Los esqueletos de Bécquer
Además de escribir, Gustavo Adolfo Bécquer pintaba y dibujaba. «Rara era la carta que salía de su mano sin ir llena de copias de lo que veía o caricaturas admirables sobre lo que narraba», relata su amigo periodista Ramón Rodríguez Correa, prologuista de la primera edición de sus Obras
Fueron hijos de pintor. Perdieron al padre a muy temprana edad. A Valeriano le pilló tres años más mayor, a los ocho. A Gustavo Adolfo algo más pequeño, a los cinco. El mayor pudo vivirlo más, quizá por ello se impregnó con más fuerza del arte de su padre y convirtió la pintura en su profesión. El pequeño pudo vivirlo menos y quizá por ello pintará a medias.
Tuvo, como su hermano –hermano al que adoró, con el que pasó tanto tiempo y al que no supo sobrevivir tras su muerte cuando los dos se hallaban en la treintena–, tuvo formación de pintor en el taller de Cabral Bejarano y en el de su tío Joaquín. Fue su primera formación como artista, quiere decirse que fue pintor antes que escritor, pero su tío le invitará a dejarlo. No lo dejará del todo.
Es verdad que Gustavo preferirá escribir aquello que ve, pero también pintará aquello que escriba. Para lo uno y para lo otro más que nombre tuvo apellido artístico, el castellanizado del «Becker» original de Flandes. Fue Gustavo Adolfo Claudio Domínguez Bastida, pero Gustavo Adolfo Bécquer.
Cuenta su amigo periodista Ramón Rodríguez Correa que de la Dirección de Bienes Nacionales le echaron por distraer al personal con sus diseños de escenas de Hamlet. También dice Correa en el prólogo a la primera edición de sus Obras (1871), refiriéndose a los dibujos con que acompañaba sus cuartillas, que «rara era la carta que salía de su mano sin ir llena de copias de lo que veía o caricaturas admirables sobre lo que narraba».

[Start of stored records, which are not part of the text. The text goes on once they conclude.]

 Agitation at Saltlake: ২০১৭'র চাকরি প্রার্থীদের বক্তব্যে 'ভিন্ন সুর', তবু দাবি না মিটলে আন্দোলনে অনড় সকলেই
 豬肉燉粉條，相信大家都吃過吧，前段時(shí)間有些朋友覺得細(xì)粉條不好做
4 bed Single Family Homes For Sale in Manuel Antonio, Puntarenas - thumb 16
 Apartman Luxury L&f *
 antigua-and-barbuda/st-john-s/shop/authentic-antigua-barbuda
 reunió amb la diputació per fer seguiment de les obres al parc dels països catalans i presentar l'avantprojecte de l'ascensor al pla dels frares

Le pasó igual con sus Rimas y leyendas. Fue moderno y desafiante de la estética establecida en su dibujo y en sus letras –la unión de las artes inspirada por el romanticismo–. Aparecen en ambos las mujeres muertas, de piedra y diablesas, el diablo seductor y esqueletos, muchos esqueletos.

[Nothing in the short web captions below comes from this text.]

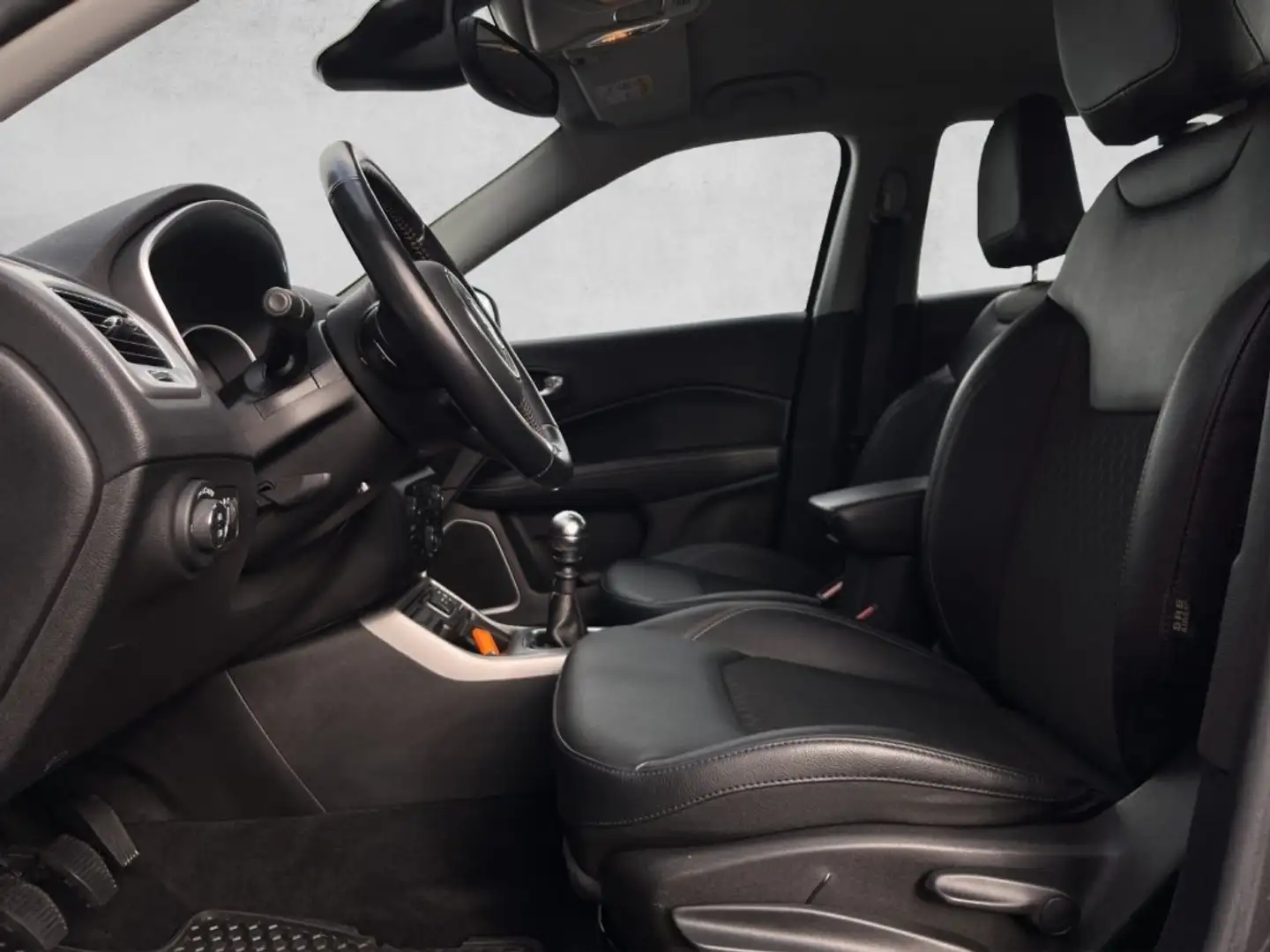 Vehicle image, number 9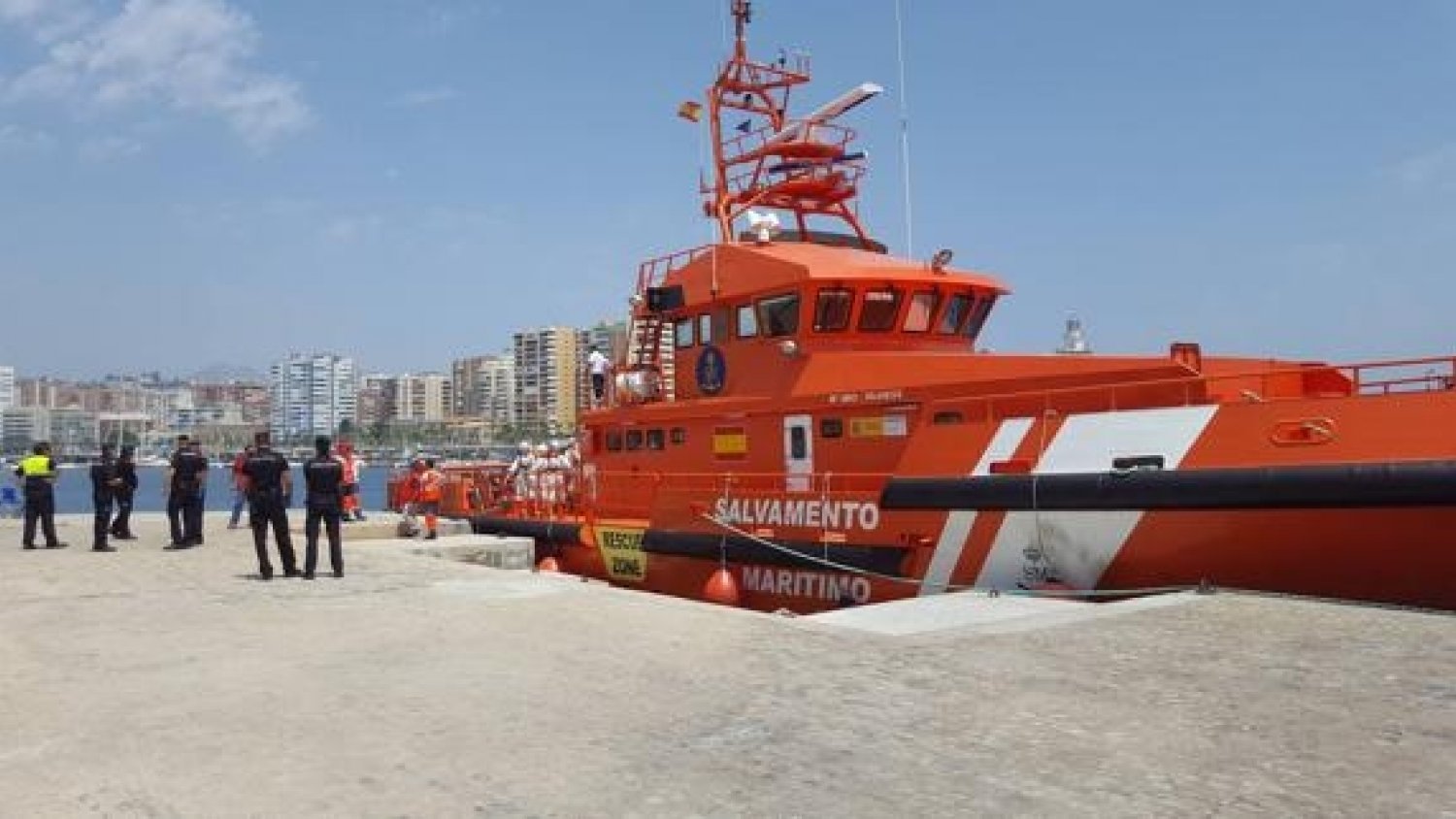 Rescatada una patera con 55 personas a bordo a millas de la costa de Málaga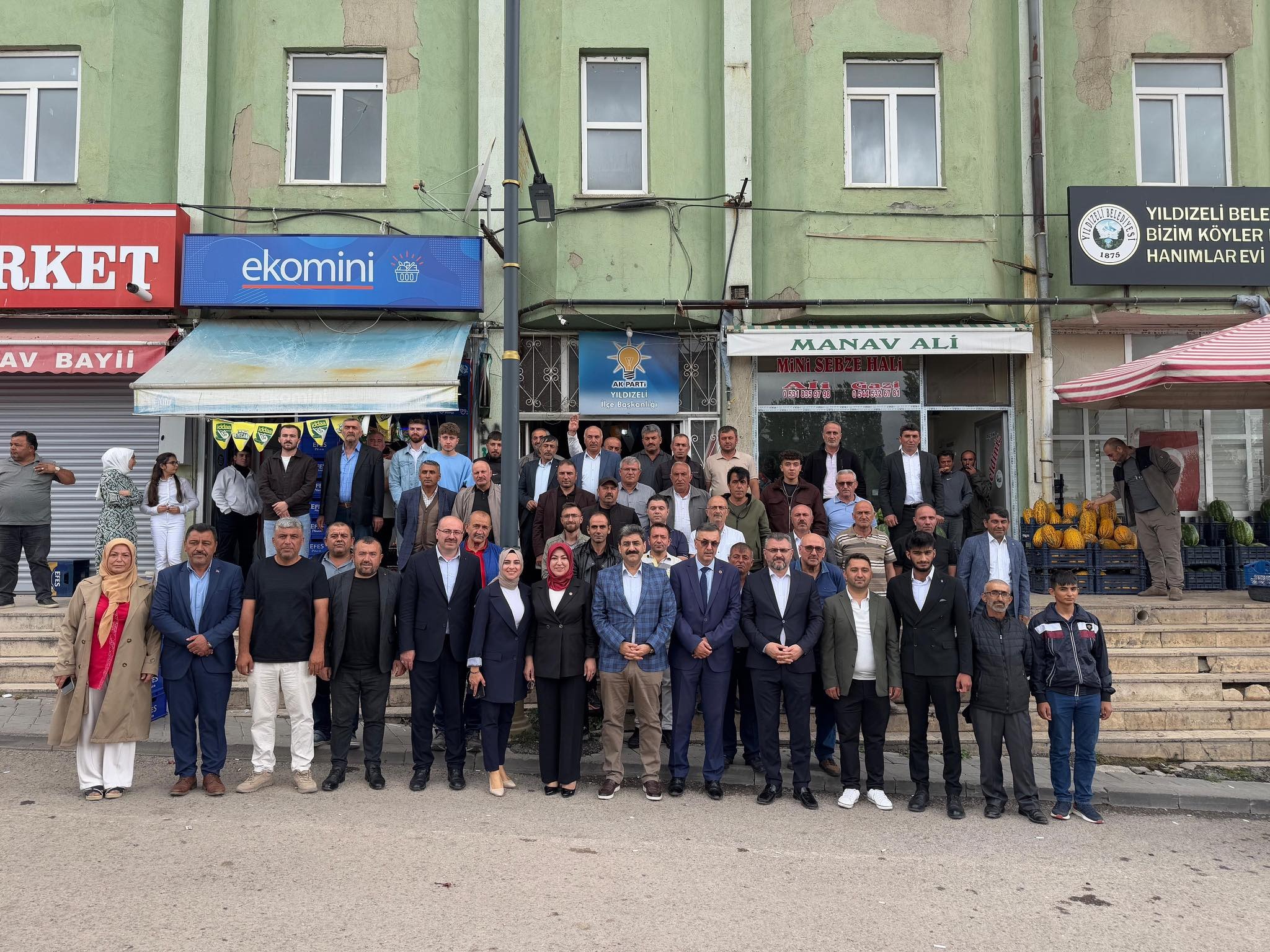 AK Parti heyeti Yıldızeli'nde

En las escenas de Les morts pour rire que conservó con sumo cuidado su musa, la cantante de ópera Julia Espín –a quien dedicó álbumes de dibujos y rimas– aparecen esqueletos cabalgando, tocando el piano, cantando, atendiendo visitas, discusiones y meriendas desde sus ataúdes, jugando al tenis con un cráneo, haciendo malabarismos y acrobacias circenses, asistiendo a una corrida de toros, celebrando un duelo ¿a muerte?; esqueletos obreros que miran con disgusto a esqueletos capitalistas, esqueletos militares que desfilan, esqueletos que participan en una justa medieval, esqueletos que pasean en familia de esqueletos por el cementerio.
No se entiende a Bécquer sin estas bizarreries o extravagancias que nos hacen ver que no solo fue el poeta del amor o, si lo fue, de un amor acompañado de destrucción y de fragilidad. De muerte.